Second tip: there is a lot more advice available on this forum and on the internet in general for BRC Food than for BRC Agents & Brokers ;)
Therefore worth seeking out guidance on the corresponding BRC Food clause, as there is a lot of overlap between the two standards and much of it can be translated fairly directly (although Agents & Brokers has a few unique peculiarities...).

I posted a document here that can help finding the BRC Food clause that corresponds to the Agents & Brokers one, that might be useful for you: https://www.ifsqn.co...clause-mapping/

 

Looking in more detail at your specific questions:

Nature of product and associated risks

For meat this is likely to be temperature-related considerations, possibly veterinary chemicals/residues (meat is a long way from my area of expertise but if you look for guidance on this area for the BRC Food standard it will likely turn up more detail!) The species contamination bit probably lives in the adulteration/fraud category.

 

Customer-specific requirements

I think you're pretty much on the mark with e.g. RTA, potentially organic, free range, only allowing supplies from specific origins, particularly welfare standards in place etc

 

Legislative requirements in country of sale

Assuming you're only selling in the UK, your life is a bit easier as you don't (yet) have consider multiple regulatory regimes.

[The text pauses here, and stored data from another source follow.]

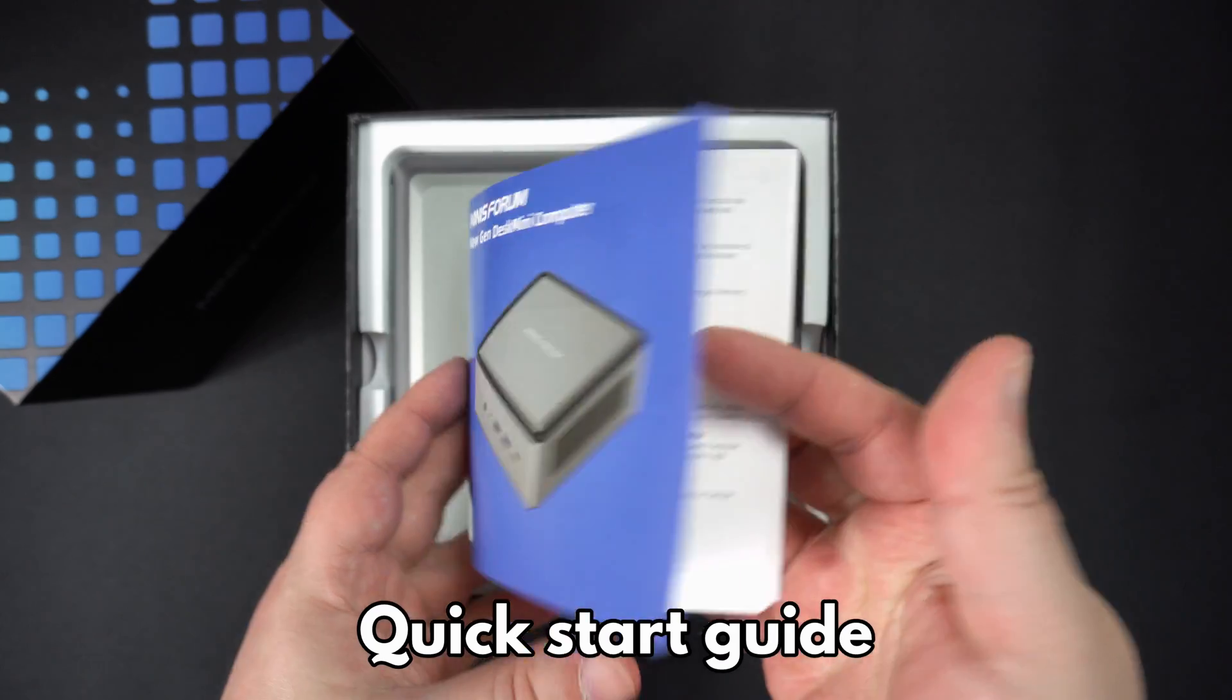Opening the bottom of the case reveals the replaceable NVMe SSD. There is also space inside to fit two 2.5 inch hard drives or SSDs to further expand the storage.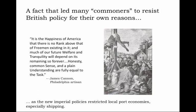But others felt similarly. A Philadelphia artisan, James Cannon, who lived and plied his trade in a port city, said: 'It is the happiness of America that there is no rank above that of freemen existing in it. And much of our future welfare and tranquility will depend on its remaining so forever. Honesty, common sense, and a plain understanding are fully equal to the task.' Cannon is not so much debating constitutional law with the English as asserting that the social and economic conditions among common working folk in the colonies entitles them to the same basic considerations as those men of property traditionally given deference in political authority.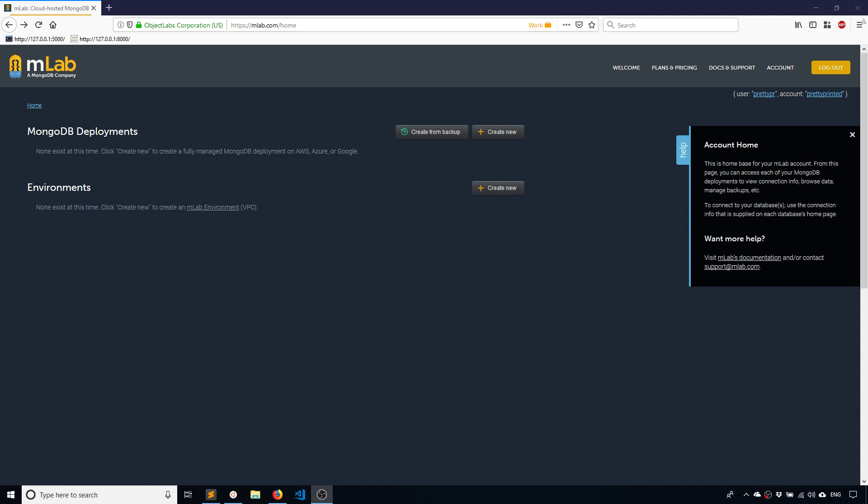Hey everyone, it's Anthony from PrettyPrinted here. In today's video I'll be showing you how to connect to a MongoDB database in Django using the library called Djongo.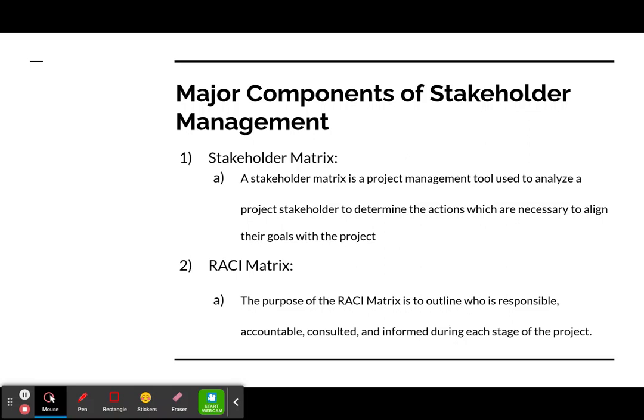The second component is the RACI matrix, which outlines who is responsible, accountable, consulted, and informed during each stage of the project. RACI stands for Responsible, Accountable, Consulted, and Informed.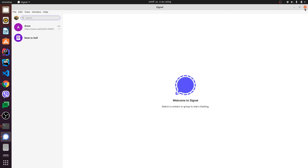That's how you install the Signal messenger on your Ubuntu system. Thank you so much for watching — don't forget to like and subscribe!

There is still the consideration of e.g. requirement for approved premises for abattoirs etc. in the supply chain that I'd suggest documenting consideration of. On a slightly pessimistic note, I'm reluctant to mention the "B word" but now that it's done I will be including this in my next HACCP review, as Brexit does pose a real risk of regulatory divergence from the EU, which won't make our lives any easier in the food industry...

 

Source or country of origin

If you're only importing from the EU then I think you can reasonably claim that the risk factor is fairly low - as a parameter to consider it becomes far more relevant with a global supplier base where there is genuinely significant variation in multiple ways. 

 

Potential for fraud or adulteration

This is an interesting one as you can potentially attack it in two way - either via a generic risk status set in isolation in the supplier risk assessment (possibly the weaker approach), or by directly using the output of your vulnerability assessment required for section 4.8 / security assessment for 4.3. The latter is undoubtedly going to be the stronger approach, but potentially also more work depending on how many different products (or groups of products, if you can sensibly cluster products into groupings with comparable properties) you have to manage.

Generally you're on the right lines here I think - falsification of label/code details, shipping/import documents, substitution/adulteration of products etc along with the potential for malicious tampering in the supply chain.

1 Thank

Hi 

 

Thank you for your help.

I wanted confirmation i was along the right tracks before diving into it and making a blunder.